Task prompt: Copy all the lines of the listing below exactly. Skip the images.

Data excerpt:
BEGIN

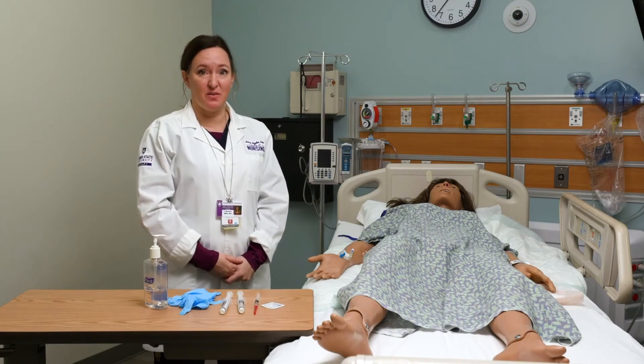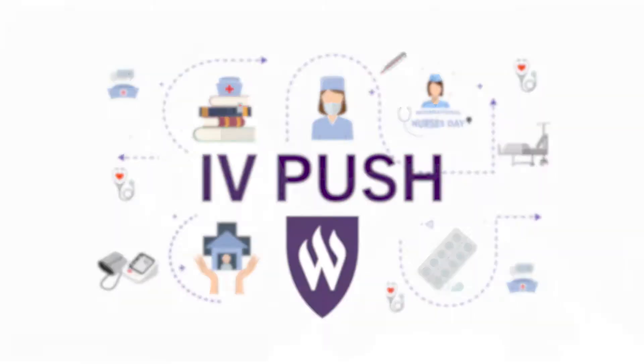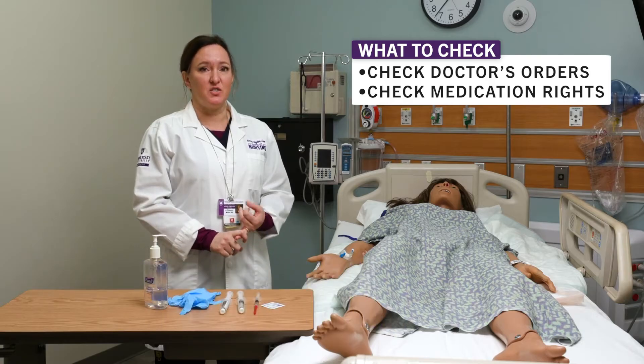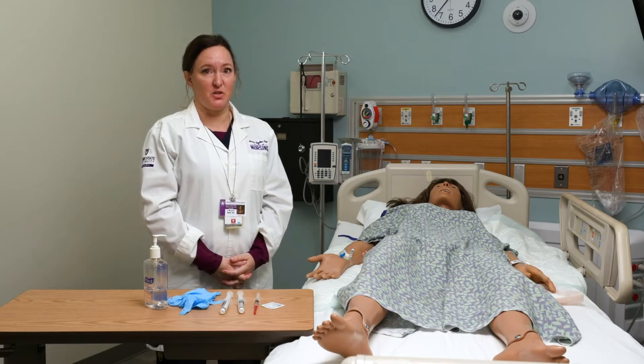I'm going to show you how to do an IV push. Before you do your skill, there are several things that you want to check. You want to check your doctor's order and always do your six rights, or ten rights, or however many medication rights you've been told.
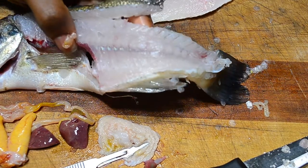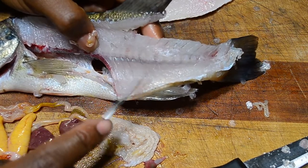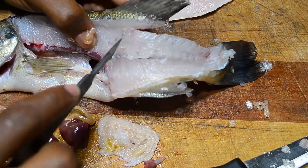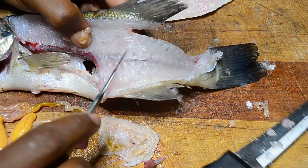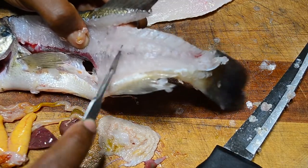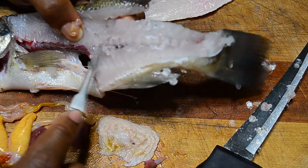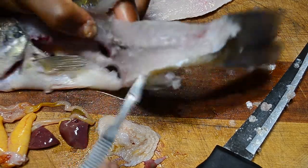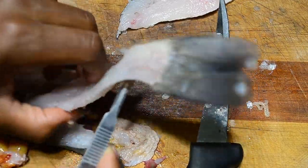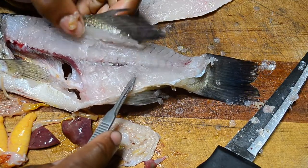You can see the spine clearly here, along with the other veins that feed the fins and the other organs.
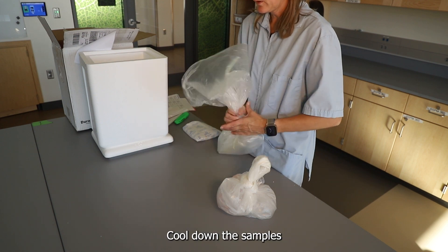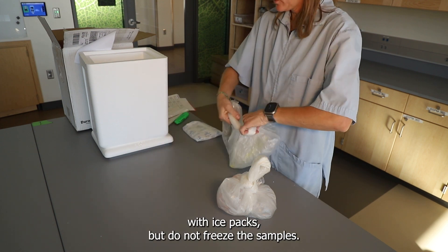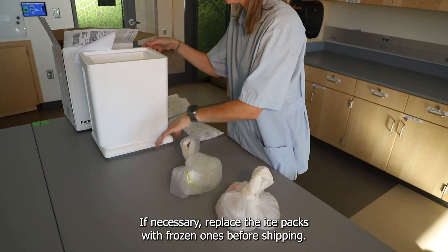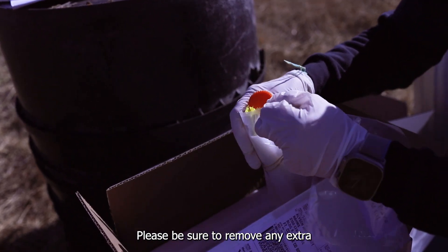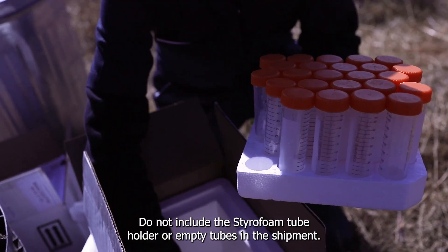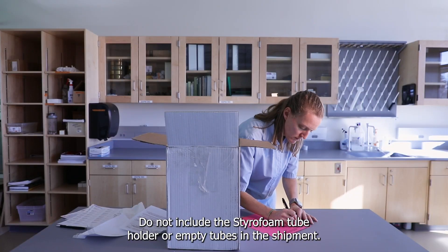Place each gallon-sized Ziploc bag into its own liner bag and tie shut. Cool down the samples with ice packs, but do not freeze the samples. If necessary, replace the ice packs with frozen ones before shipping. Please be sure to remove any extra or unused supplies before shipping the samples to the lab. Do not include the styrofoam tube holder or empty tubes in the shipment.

END

Response for this exercise:
I'm going to show you how to do an IV push. Before you do your skill, there are several things that you want to check. You want to check your doctor's order and always do your six rights, or ten rights, or however many medication rights you've been told.
You can see the spine clearly here, along with the other veins that feed the fins and the other organs.
Place each gallon-sized Ziploc bag into its own liner bag and tie shut. Cool down the samples with ice packs, but do not freeze the samples. If necessary, replace the ice packs with frozen ones before shipping. Please be sure to remove any extra or unused supplies before shipping the samples to the lab. Do not include the styrofoam tube holder or empty tubes in the shipment.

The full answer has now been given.